Providing the mentorship necessary to help residents succeed can also be a time-consuming process that requires the commitment of the entire staff.
"It's not a pretty little walk in the park where you are adding a new pharmacist to your staff and paying half a salary. You have to be dedicated to the fact that this is an educational experience. You have to be willing to put the resources forward, and it takes both financial and human resources to do that," Osterhaus said.
Interest in and awareness of community pharmacy residency programs is growing, and more pharmacists are seeing the benefits connected with the industry, but change is also on the horizon.
ASHP and APhA are developing new accreditation standards that are slated for approval in March 2016. Implementation would begin in July 2017.
The new standards place a greater emphasis on training individual pharmacists wherever they treat patients - whether in a community pharmacy, federally-qualified health center, or community health clinic - and stress the concept of a community care pharmacist-practitioner, rather than a community pharmacy practitioner.
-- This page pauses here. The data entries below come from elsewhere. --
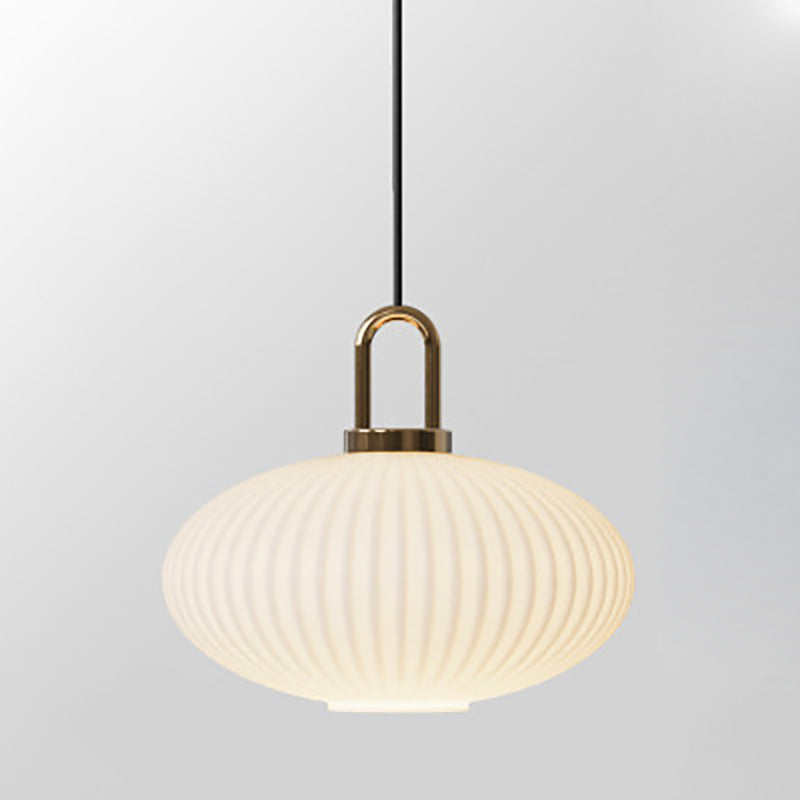 Nordic Stainless Steel Pendant Light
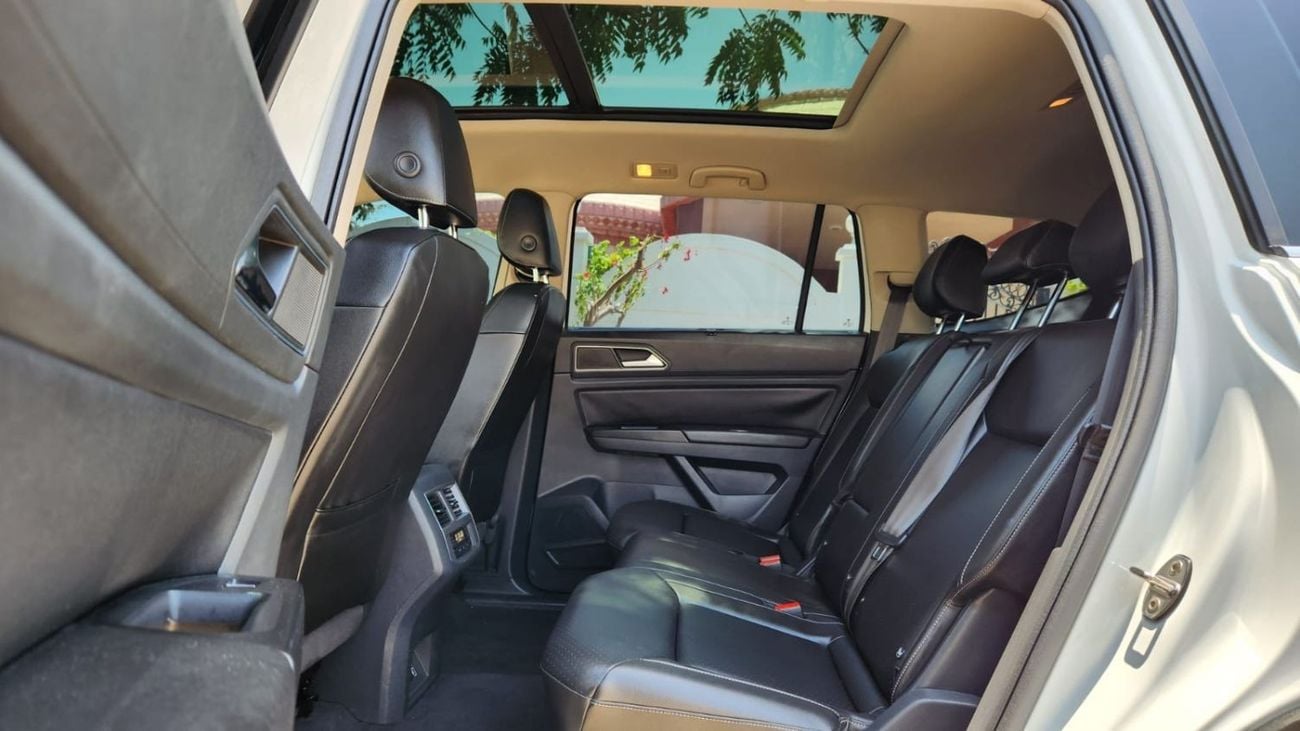 Volkswagen Teramont SEL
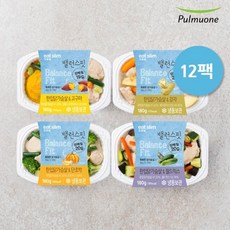 [풀무원]잇슬림 밸런스핏(12팩)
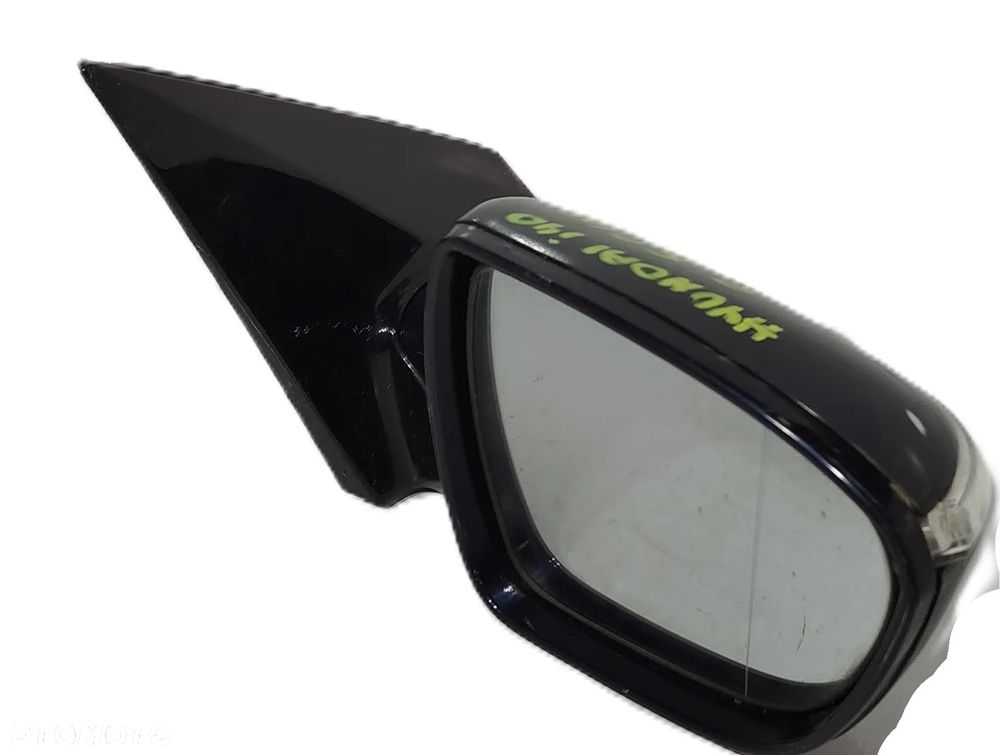 lusterko prawe przód przednie HYUNDAI I40 11-19 8 PIN - 4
"As a standard, what we are trying to focus on is the individual, rather than the four walls of the practice, because the emerging marketplace of community practice may not be within the four walls of a pharmacy," Owen said.
Under the proposed standards, greater emphasis will be placed on the need for residents to gain additional experiences and training outside the community pharmacy, in ambulatory care clinics and other settings.
Jill Sederstrom is a freelance writer based in Kansas City.